I don't think a different encoding would make a difference for relative searching if English is in the same order. And I tried to use the wildcodes before but didn't turn up anything, and I think I was using it right. And I wanted to try altering the hex values to see what happens, but I'm not sure which values to edit. I wanted to just increment every value, but I couldn't find an easy way to do that without going through and editing each value by hand. And obviously I don't want to mess with every value, just whichever ones have text, but I can't figure out which that is. I made this topic to try to get some common kinds of encryption I could try to check for, but I didn't word that right in my OP. Every document I came across learning how to do this says something like "And that is how you change a game's text! Assuming it isn't encrypted of course, then it gets much harder!" which isn't very helpful, but I understand they're trying to keep it beginner level. Anyway, instead I guess I can just pass this stuff off to you guys and see if you can find anything.

http://www.filedropper.com/ms0017 - MS0017.BIN file (What is a good file sharing site? The few times I need to upload a file I have trouble finding a good one, but this looks like it will do).

http://i.imgur.com/4sgcB8a.png - Image with four different text boxes (well five but the last two show up together and the bottom one is blank for the first three) with English text that should be in there. I've mostly been focusing on "Copyright" because it is a long, single word, more specifically I've been trying to find "opyright" so I don't have to worry about capitalization, but I haven't found anything with "Copyright" or anything else.

mz

  • Sr. Member
  • ****
  • Posts: 447
  • Whore
    • View Profile
Re: Different ways of storing text in a game file?
« Reply #8 on: December 10, 2015, 06:11:45 pm »
Well, if the reader could crack encryptions, he probably wouldn't be reading those tutorials in the first place.

Anyway, since the game has kanji, I'd say it's impossible that it uses 8-bit characters. It also seems to have a couple of different fonts for English, if there are more letters like that E in "Eメール".

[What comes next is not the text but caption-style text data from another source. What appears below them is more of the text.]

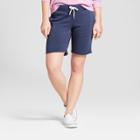 Women's Knit Bermuda Shorts - Mossimo Supply Co. Navy (blue)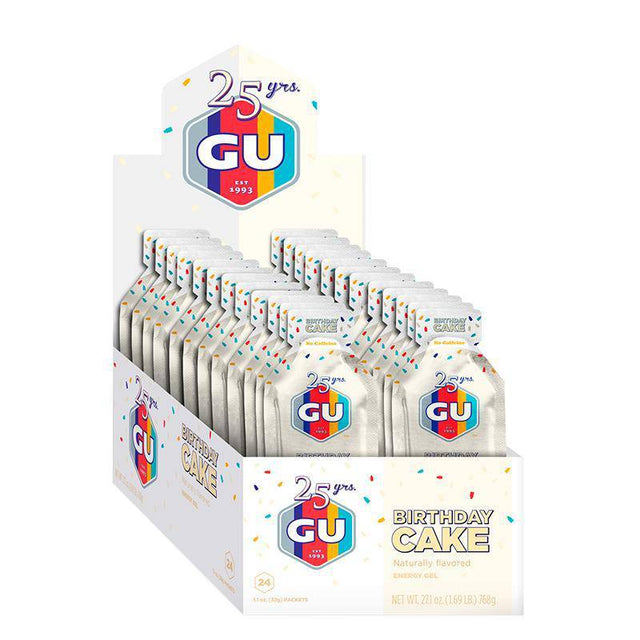 Caja de Geles Birthday Cake GU Energy (24 unid) - Rideshop
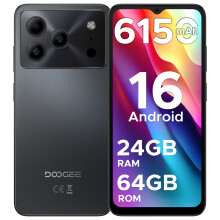 DOOGEE Note 56 Mobile Phones, Newest Android 16 Smartphone, 6150mAh, 8.45mm Ultra-Slim, 6.56" HD+, 24GB + 64GB/2TB, 4G Dual SIM Unlocked Mobile Phone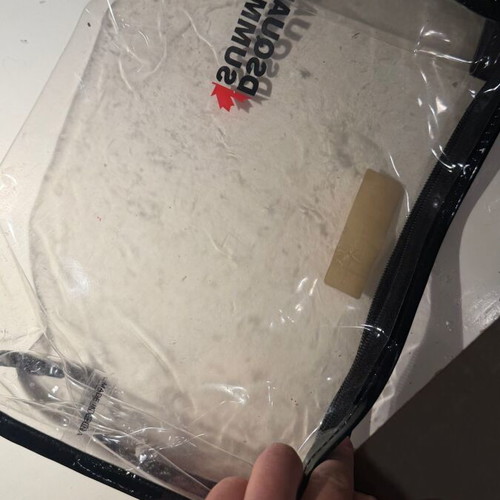 Dsquared2 Summer transparent toiletry bag like new, black and white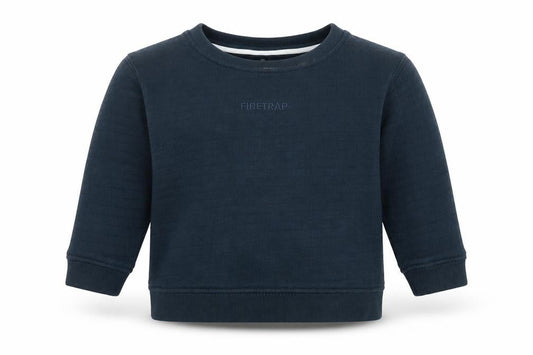 Firetrap Unisex Baby Pullover Jumper, Blue, 12-18 Months
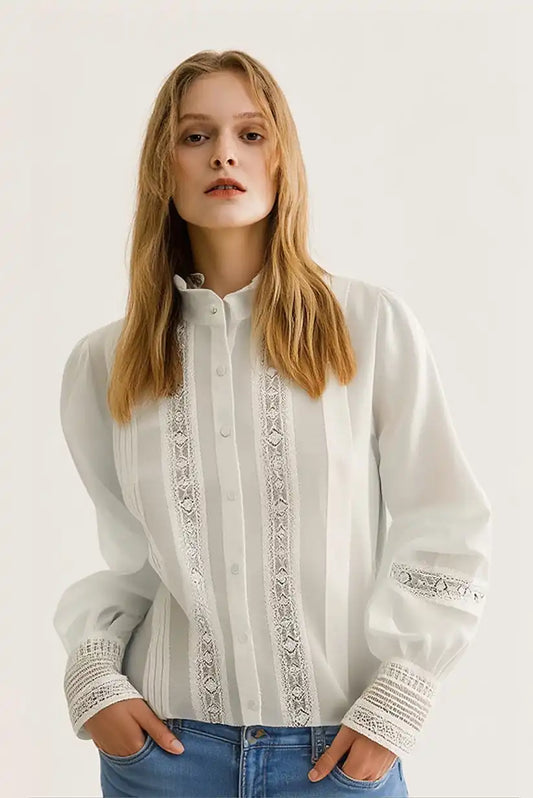 Blusa Mujer Beige Arisela Otoño Elegante y Ligera - CHICA del Sur
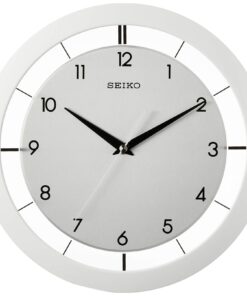 Alternative view of SEIKO 11 Inch St John Brushed Metal Wall Clock Silver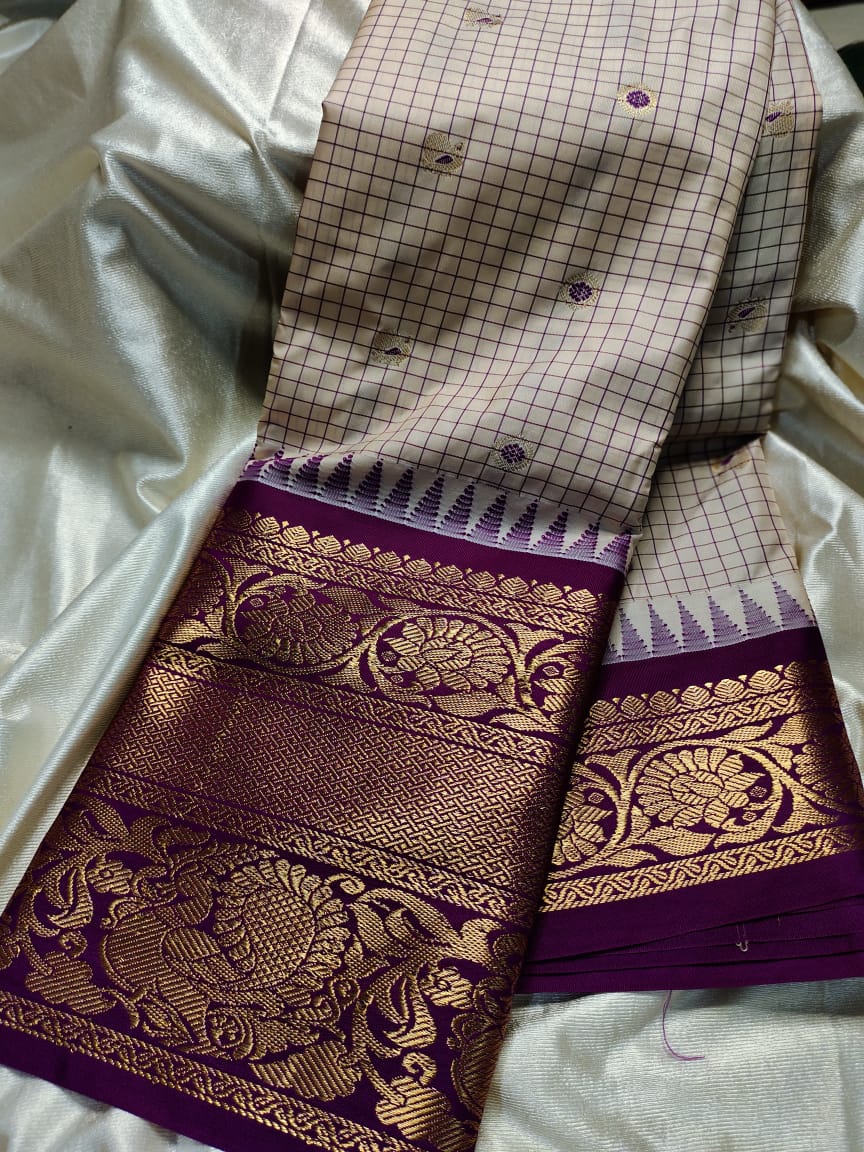 Ashadam gadwal silk saree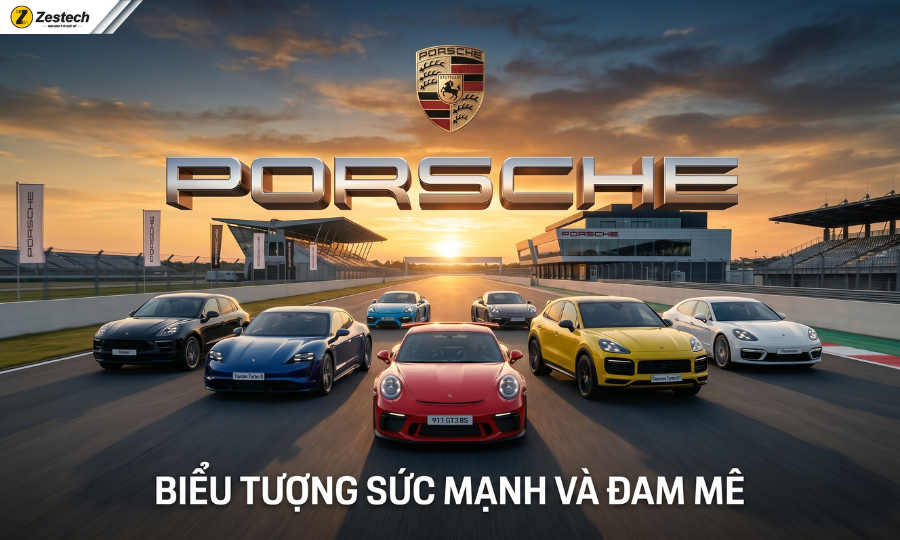 Porsche – Top 15 các hãng xe nổi tiếng ở Việt Nam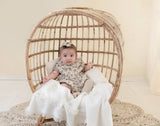Violetta Floral Baby Bubble Romper & Bow Set by The Honey and Bro Co. - Back View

When you're not sure where the text is in, put all the files in a single zip file without compression and do a relative search within that big zip file. If the text is really in this MS0017.BIN file, it looks encrypted or compressed to me.

What game is this?
There has to be a better life.

Ninto55

  • Jr. Member
  • **
  • Posts: 4
    • View Profile
Re: Different ways of storing text in a game file?
« Reply #9 on: December 10, 2015, 08:57:37 pm »
This is Giten Megami Tensei. And I know the text is in that file, the game read that file when I walk into the room (the hero's bedroom, it also gives you the option to save), and when I removed it I got a unique bit of text, it was all Japanese and I assume it was some kind of error thing, but it had two different speakers and it looked like some kind of dialog (which would be a weird way to display an error like that). I figure it is encrypted, how do hackers go about deencrypting things like this? What are some general methods or examples of people in the past?

mz

  • Sr. Member
  • ****
  • Posts: 447
  • Whore
    • View Profile
Re: Different ways of storing text in a game file?
« Reply #10 on: December 11, 2015, 01:51:48 am »
In a console you'd could just set a write breakpoint in one of the tiles with the text and then go backwards from there to figure out how it got the text from the ROM.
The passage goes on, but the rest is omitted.